Ruth Smith, Petitioner, v James D. Bowen, Respondent.
    Supreme Court, Special Term, Saratoga County,
    July 1, 1987
    APPEARANCES OF COUNSEL
    
      Mylo Eytino for petitioner. Arne Heggen, County Attorney (Mark M. Rider of counsel), for respondent.
   OPINION OF THE COURT

Loren N. Brown, J.

This proceeding has been commenced pursuant to CPLR article 78 to compel the respondent to perform his duties as Sheriff of the County of Saratoga. The proceeding was commenced by an order to show cause but without a verified petition.

The petitioner was granted an order by the Family Court for the County of Albany directing the entry of a judgment against her husband for arrears for child support. The order recited that the support provisions could be enforced pursuant to CPLR 5241 and 5242. The petitioner’s attorney prepared an income execution by amending a form, which was suitable for enforcement of judgment pursuant to CPLR 5221 and 5222, to purportedly comply with CPLR 5241 and 5242. The purported execution sought 50% of the judgment debtor’s weekly after-tax income. The employees of the respondent refused to enforce the income execution, except in the amount of 10%, pursuant to CPLR 5231, and the respondent’s attorney returned the execution to the petitioner with the comment that the form as modified did not contain the information required by CPLR 5241, and that the judgment was not the type that may be the subject of an income execution pursuant to CPLR 5241. The respondent now opposes the relief requested on the foregoing ground, and on the additional ground that the petitioner’s papers do not include a verified petition in violation of CPLR 7804.

Initially, the court will treat the petition as if it had been properly brought.

Addressing the merits, an execution may be issued and served, pursuant to CPLR 5241, only if there exists an "order of support”. CPLR 5241 (a) (1) provides: "1. 'Order of support’ means any temporary or final order, judgment or decree in a matrimonial action or family court proceeding, or any foreign support order, judgment or decree, registered pursuant to section thirty-seven-a of the domestic relations law which directs the payment of alimony, maintenance, support or child support.” The judgment obtained by the plaintiff, however, does not direct payment; it states only an amount to which the plaintiff is entitled.

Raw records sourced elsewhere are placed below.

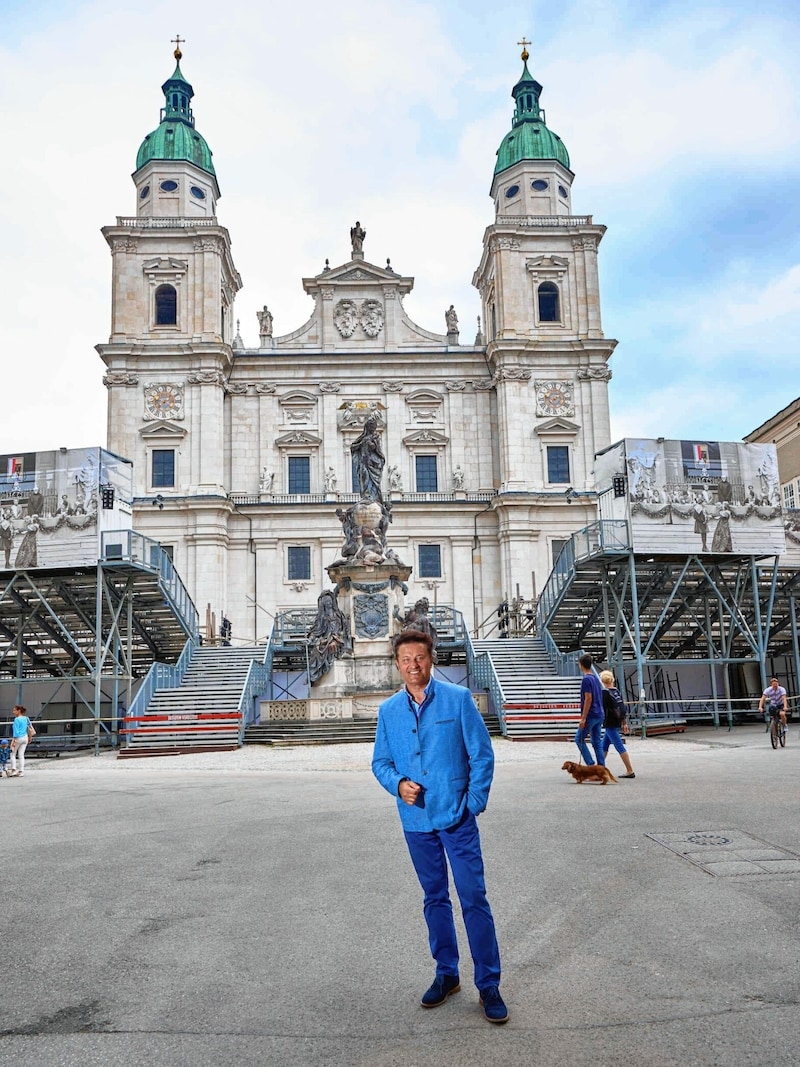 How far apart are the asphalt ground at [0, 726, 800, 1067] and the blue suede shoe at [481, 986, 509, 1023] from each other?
Result: 50 mm

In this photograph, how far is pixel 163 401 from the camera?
156 ft

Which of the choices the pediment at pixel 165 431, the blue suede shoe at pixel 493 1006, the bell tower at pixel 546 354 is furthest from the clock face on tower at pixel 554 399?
the blue suede shoe at pixel 493 1006

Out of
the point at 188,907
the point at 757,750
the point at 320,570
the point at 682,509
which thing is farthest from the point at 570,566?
the point at 188,907

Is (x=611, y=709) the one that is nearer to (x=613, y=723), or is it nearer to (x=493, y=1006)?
(x=613, y=723)

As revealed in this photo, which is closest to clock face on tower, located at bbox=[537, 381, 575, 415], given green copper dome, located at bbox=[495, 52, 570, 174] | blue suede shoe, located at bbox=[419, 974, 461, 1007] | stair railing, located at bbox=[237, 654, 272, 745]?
green copper dome, located at bbox=[495, 52, 570, 174]

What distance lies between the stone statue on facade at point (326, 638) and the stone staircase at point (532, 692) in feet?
15.0

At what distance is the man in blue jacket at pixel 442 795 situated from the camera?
15.7 feet

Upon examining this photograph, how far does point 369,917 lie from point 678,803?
5.39 meters

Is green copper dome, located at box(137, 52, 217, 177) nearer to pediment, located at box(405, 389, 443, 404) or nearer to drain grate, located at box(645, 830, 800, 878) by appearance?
pediment, located at box(405, 389, 443, 404)

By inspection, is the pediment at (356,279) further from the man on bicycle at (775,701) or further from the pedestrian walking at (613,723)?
the pedestrian walking at (613,723)

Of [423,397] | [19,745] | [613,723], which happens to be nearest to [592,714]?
[613,723]

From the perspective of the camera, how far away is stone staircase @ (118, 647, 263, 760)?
24688 mm

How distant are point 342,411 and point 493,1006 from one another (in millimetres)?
44930

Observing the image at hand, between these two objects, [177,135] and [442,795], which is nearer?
[442,795] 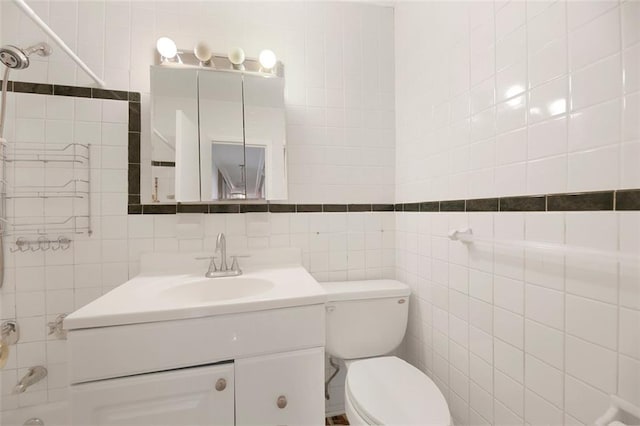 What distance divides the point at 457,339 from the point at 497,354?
0.19 m

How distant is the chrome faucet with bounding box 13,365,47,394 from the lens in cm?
109

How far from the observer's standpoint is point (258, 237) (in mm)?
1372

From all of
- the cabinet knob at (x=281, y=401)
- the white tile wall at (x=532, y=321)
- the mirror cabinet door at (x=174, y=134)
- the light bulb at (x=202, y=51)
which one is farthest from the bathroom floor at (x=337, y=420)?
the light bulb at (x=202, y=51)

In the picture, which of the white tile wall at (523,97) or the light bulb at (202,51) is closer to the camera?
the white tile wall at (523,97)

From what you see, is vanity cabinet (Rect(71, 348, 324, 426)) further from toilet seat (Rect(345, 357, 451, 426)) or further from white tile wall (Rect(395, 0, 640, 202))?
white tile wall (Rect(395, 0, 640, 202))

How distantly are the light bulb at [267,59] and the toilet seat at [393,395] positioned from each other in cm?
149

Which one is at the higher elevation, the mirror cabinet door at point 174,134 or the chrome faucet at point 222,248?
the mirror cabinet door at point 174,134

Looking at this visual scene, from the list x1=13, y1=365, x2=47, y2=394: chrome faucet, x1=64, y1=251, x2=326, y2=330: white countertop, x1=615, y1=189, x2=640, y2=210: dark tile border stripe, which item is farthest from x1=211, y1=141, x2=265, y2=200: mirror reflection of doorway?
x1=615, y1=189, x2=640, y2=210: dark tile border stripe

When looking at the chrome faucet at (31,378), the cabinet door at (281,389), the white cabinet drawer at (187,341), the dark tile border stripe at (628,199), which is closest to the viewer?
the dark tile border stripe at (628,199)

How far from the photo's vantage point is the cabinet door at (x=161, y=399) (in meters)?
0.76

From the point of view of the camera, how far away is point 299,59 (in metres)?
1.42

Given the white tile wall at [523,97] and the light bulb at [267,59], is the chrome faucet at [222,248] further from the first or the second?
the white tile wall at [523,97]

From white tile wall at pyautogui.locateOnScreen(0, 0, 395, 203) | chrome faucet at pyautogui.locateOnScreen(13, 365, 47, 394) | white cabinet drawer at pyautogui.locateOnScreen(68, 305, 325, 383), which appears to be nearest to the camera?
white cabinet drawer at pyautogui.locateOnScreen(68, 305, 325, 383)

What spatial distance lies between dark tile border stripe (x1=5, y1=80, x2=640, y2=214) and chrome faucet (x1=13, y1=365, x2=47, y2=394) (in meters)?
0.78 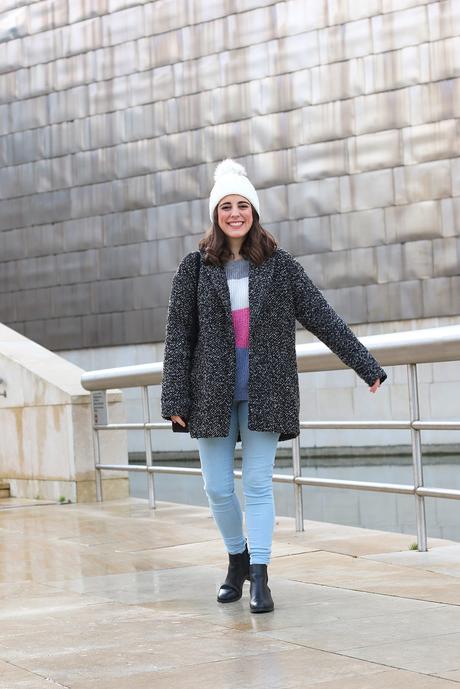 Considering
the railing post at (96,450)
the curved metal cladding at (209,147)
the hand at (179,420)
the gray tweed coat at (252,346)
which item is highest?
the curved metal cladding at (209,147)

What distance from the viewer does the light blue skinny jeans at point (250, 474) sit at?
5125 millimetres

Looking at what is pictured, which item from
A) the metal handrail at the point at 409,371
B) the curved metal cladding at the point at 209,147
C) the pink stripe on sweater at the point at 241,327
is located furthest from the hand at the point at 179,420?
the curved metal cladding at the point at 209,147

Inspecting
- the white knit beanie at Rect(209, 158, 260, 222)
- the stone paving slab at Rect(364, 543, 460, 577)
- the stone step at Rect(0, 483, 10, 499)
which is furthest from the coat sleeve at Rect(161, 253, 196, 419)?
the stone step at Rect(0, 483, 10, 499)

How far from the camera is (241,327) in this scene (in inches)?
202

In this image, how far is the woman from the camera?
5.08 m

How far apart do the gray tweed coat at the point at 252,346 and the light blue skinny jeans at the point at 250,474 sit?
98mm

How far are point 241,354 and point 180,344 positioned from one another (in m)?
0.26

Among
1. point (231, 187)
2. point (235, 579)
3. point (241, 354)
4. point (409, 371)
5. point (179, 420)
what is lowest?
point (235, 579)

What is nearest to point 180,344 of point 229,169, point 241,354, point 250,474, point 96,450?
point 241,354

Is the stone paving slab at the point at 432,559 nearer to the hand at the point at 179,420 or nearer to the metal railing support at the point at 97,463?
the hand at the point at 179,420

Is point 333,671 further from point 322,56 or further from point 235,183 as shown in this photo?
point 322,56

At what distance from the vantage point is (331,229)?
86.9 ft

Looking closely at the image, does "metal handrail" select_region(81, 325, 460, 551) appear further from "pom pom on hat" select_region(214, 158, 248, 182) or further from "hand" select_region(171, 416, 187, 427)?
"hand" select_region(171, 416, 187, 427)

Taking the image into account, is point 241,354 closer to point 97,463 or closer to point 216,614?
point 216,614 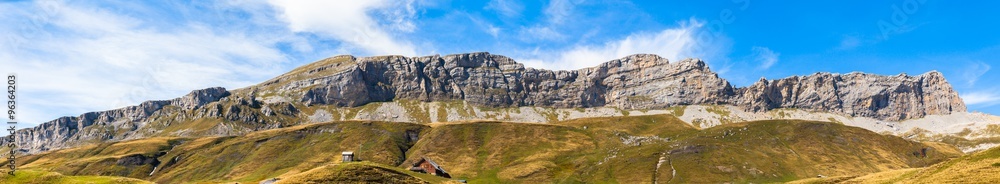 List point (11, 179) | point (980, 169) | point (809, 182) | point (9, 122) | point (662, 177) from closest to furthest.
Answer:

Therefore, an execution may not be issued pursuant to CPLR 5241, based on that judgment.

The petitioner’s reliance on the order of Family Court, which directed that the plaintiff could enforce its order pursuant to CPLR 5241 and 5242, is understandable but misplaced. The respondent was not a party to the action which resulted in that order, and is not bound by it.

Moreover, even if a support order, as defined by CPLR 5241 (a) (1), existed, the proposed execution did not contain the statutorily required information. Specifically, the execution fails to give certain notices to the debtor as required by CPLR 5241 (c) (4) and (e).

Accordingly, the petition is denied. Any funds collected pursuant to this execution should be returned to the judgment debtor.